_Required action_:
What is needed is an exact copy of all the records, written out in full.

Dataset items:
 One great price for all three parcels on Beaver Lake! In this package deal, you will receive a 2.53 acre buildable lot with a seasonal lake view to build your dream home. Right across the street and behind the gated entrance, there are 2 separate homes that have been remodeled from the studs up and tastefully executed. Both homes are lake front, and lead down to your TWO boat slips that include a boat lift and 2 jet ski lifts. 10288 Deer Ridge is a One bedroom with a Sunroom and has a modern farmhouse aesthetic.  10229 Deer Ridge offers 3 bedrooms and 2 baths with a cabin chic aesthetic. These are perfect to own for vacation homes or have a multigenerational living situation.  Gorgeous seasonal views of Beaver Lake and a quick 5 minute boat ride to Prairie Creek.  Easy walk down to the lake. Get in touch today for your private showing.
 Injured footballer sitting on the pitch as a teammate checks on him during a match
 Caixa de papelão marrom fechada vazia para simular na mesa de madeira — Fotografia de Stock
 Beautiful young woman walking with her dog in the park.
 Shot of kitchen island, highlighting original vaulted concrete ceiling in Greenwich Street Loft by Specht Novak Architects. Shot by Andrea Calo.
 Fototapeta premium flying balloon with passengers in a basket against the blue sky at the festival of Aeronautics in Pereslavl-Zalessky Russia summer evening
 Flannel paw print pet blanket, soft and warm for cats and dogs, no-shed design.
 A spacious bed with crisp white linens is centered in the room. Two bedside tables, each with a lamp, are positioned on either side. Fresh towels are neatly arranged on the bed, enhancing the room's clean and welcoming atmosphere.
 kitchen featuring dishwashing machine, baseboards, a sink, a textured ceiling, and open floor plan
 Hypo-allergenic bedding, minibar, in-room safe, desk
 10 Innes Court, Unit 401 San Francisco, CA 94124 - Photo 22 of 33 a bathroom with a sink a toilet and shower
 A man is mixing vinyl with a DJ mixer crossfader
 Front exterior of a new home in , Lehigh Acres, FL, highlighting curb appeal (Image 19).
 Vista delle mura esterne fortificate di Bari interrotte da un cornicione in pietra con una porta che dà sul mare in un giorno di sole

_Completed exercise_:
 One great price for all three parcels on Beaver Lake! In this package deal, you will receive a 2.53 acre buildable lot with a seasonal lake view to build your dream home. Right across the street and behind the gated entrance, there are 2 separate homes that have been remodeled from the studs up and tastefully executed. Both homes are lake front, and lead down to your TWO boat slips that include a boat lift and 2 jet ski lifts. 10288 Deer Ridge is a One bedroom with a Sunroom and has a modern farmhouse aesthetic.  10229 Deer Ridge offers 3 bedrooms and 2 baths with a cabin chic aesthetic. These are perfect to own for vacation homes or have a multigenerational living situation.  Gorgeous seasonal views of Beaver Lake and a quick 5 minute boat ride to Prairie Creek.  Easy walk down to the lake. Get in touch today for your private showing.
 Injured footballer sitting on the pitch as a teammate checks on him during a match
 Caixa de papelão marrom fechada vazia para simular na mesa de madeira — Fotografia de Stock
 Beautiful young woman walking with her dog in the park.
 Shot of kitchen island, highlighting original vaulted concrete ceiling in Greenwich Street Loft by Specht Novak Architects. Shot by Andrea Calo.
 Fototapeta premium flying balloon with passengers in a basket against the blue sky at the festival of Aeronautics in Pereslavl-Zalessky Russia summer evening
 Flannel paw print pet blanket, soft and warm for cats and dogs, no-shed design.
 A spacious bed with crisp white linens is centered in the room. Two bedside tables, each with a lamp, are positioned on either side. Fresh towels are neatly arranged on the bed, enhancing the room's clean and welcoming atmosphere.
 kitchen featuring dishwashing machine, baseboards, a sink, a textured ceiling, and open floor plan
 Hypo-allergenic bedding, minibar, in-room safe, desk
 10 Innes Court, Unit 401 San Francisco, CA 94124 - Photo 22 of 33 a bathroom with a sink a toilet and shower
 A man is mixing vinyl with a DJ mixer crossfader
 Front exterior of a new home in , Lehigh Acres, FL, highlighting curb appeal (Image 19).
 Vista delle mura esterne fortificate di Bari interrotte da un cornicione in pietra con una porta che dà sul mare in un giorno di sole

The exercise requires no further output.